Hakim gilt als sicherer Fahrer. Jeder in der Nachbarschaft weiß das. Er holt Kinder von der Schule ab. Dabei nimmt er drei Schüler auf einmal. Doch Hakim hat auch schon Betten und Sofas transportiert. Mitunter sieht man in Kampala sogar lebende Kühe auf dem Motorrad festgeschnallt.

Es gibt nichts, was ein Boda-Fahrer nicht transportieren könnte. So hatte einer am anderen Ende der Stadt eine brillante Geschäftsidee. Walter Wandera sitzt in einer Garage, in der er früher an seinem Boda herumgeschraubt hat. Jetzt steht hier ein Schreibtisch mit Laptop und Modem. Aufkleber und Visitenkarten liegen herum. Helme und reflektierende Westen stapeln sich. Alle paar Minuten klingelt eins seiner drei Handys: „Walters Boda-Tours, wie kann ich behilflich sein?“, meldet sich der 28-Jährige. „Tut mir leid, heute sind wir voll ausgebucht.“

Walter bietet seit 2011 Boda-Touren durch Uganda an. Vor allem die Kampala-Touren sind begehrt. In der Saison sind zwanzig Fahrer für ihn im Einsatz, um Backpackern aus Deutschland, Amerika oder Japan das Kampala-Chaos zu zeigen: die Slums, in die sich kein Weißer trauen würde, die Gräber der Könige des Stammes der Baganda, die Folterkammern des Diktators Idi Amin – und natürlich ein Zwischenstopp am Fischmarkt. Walter hat seine Fahrer zu Stadtführern ausgebildet. „Das Geschäft läuft super“, sagt er. Vor seiner Garage steht kein Boda mehr, sondern ein Geländewagen.

Spritztour mit Sachsen

Dabei hat auch Walter weder Schulabschluss noch Führerschein. Er konnte sich zu Beginn nicht einmal die Gebühr für eine Haltestelle leisten. Er musste seine Kunden von der Straße aufgabeln. Am liebsten fuhr er am Wochenende, wenn die Betrunkenen aus den Diskotheken nach Hause wollen. Die ersten Ersparnisse hat er investiert: in einen Helm für den Beifahrer und in Visitenkarten mit dem Hinweis auf den zweiten Helm. Dies ist sein Markenzeichen. Die meisten Bodas leisten sich nicht einmal eigene Helme. Unter Touristen kursierte Walters Nummer bald, denn sie fürchten sich, die Bodas ohne Helm zu besteigen. Täglich kommt es zu tödlichen Unfällen.

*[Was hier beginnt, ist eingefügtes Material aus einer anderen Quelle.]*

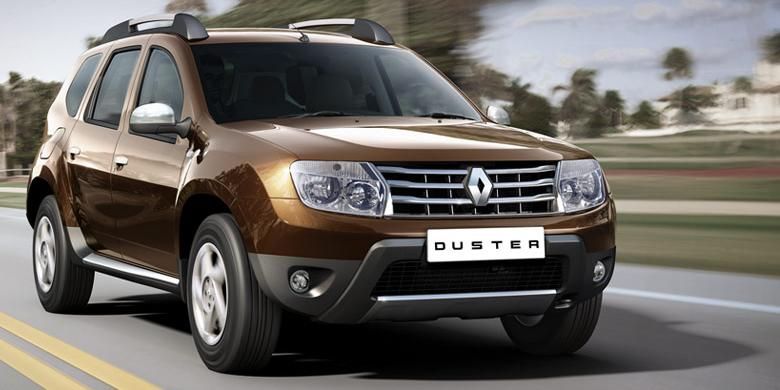 Diesel Renault Duster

Heute hatte Walter zwei Kunden aus Leipzig: Susanne und Jörg Strauch, ein Paar mittleren Alters. Das erste Mal in Afrika, das erste Mal auf einem Boda-Boda. „Wow, es war fantastisch“, erzählt Susanne. „Da weht einem der Wind ins Gesicht, man kann alles riechen und es ist viel direkter als durch eine Windschutzscheibe hindurch.“ Sie strahlt. Walter ist zufrieden. Er hat den afrikanischen Traum verwirklicht: vom Boda-Fahrer zum erfolgreichen Geschäftsmann.